Also note that, by doing this, I would propose to implement all the transformations with numpy and scipy.ndimage in torchvision, which is more powerful than PIL, and also to get rid of the limitations on the channel number and image mode that PIL can handle.

And this implementation can also support more than two image pairs, meaning sometimes we can have multiple inputs and outputs. For example, some kind of sample weight map which need to be transformed at the same time.

I have been using my implementation for a while and it helped me a lot. Let me know how do you think. if there is enough people interested, I could try to do a PR.

lwye commented 7 years ago

@oeway This idea is great for my current project that requires uncertain number of targets for an image. The transform functions seem to be different from that in torchvision. Could you provide the whole implementation for this project. I would like to give it a try. Thanks

oeway commented 7 years ago

@Iwye Thanks for your interest. The interface of transform functions are the same as torchvision (__init__ and __call__ interface), but you are right because I handle numpy arrays. I will try to clean up my code and put on git, hopefully soon.

lwye commented 7 years ago

@oeway Great. It will be more flexible to operate on numpy in my case. Look forward to it.

catalystfrank commented 7 years ago

So does anyone have any ideas about how to perform this transform.ColorAugmentation()? Any links of unmerger PR / fork is OK. Thanks in advance.

fmassa commented 7 years ago

@catalystfrank you can find color augmentation transforms in here.

bermanmaxim commented 7 years ago

@oeway one issue I see with that approach concerns the image-resizing random transforms: while the input image typically use bilinear transformation, the discretely-labelled target uses a neirest-neighbour assignment.

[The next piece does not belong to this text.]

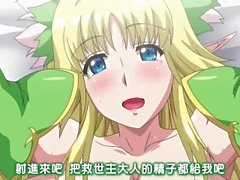 よ う こ そ ! ス ケ ベ エ ル フ の 森 へ # 1 de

oeway commented 7 years ago

Once we can process different channels in one function, we can make a dedicated transform for that, for example, we can pass a list of interpolation methods for each channel or one method for all channels . That shouldn't be an issue.

On Tue, 18 Apr 2017 at 01:50 Maxim Berman notifications@github.com wrote:

@oeway https://github.com/oeway one issue I see with that approach concerns the image-resizing random transforms: while the input image typically use bilinear transformation, the discretely-labelled target uses a neirest-neighbour assignment.

— You are receiving this because you were mentioned. Reply to this email directly, view it on GitHub https://github.com/pytorch/vision/issues/9#issuecomment-294629198, or mute the thread https://github.com/notifications/unsubscribe-auth/AAdNy-25hYKH1ChjJpUthBw2eVOvQEE-ks5rw_q-gaJpZM4K9yvA .

oeway commented 7 years ago

@lwye and others interested in my solution, here is a standalone image transform module for dense prediction tasks, I used for my project, in the end you can find some code shows how to use the module: https://gist.github.com/oeway/2e3b989e0343f0884388ed7ed82eb3b0

It's compatible with torch's transform function interface, but there is no dependency on torch functions, so you can use it with other DL libraries as well.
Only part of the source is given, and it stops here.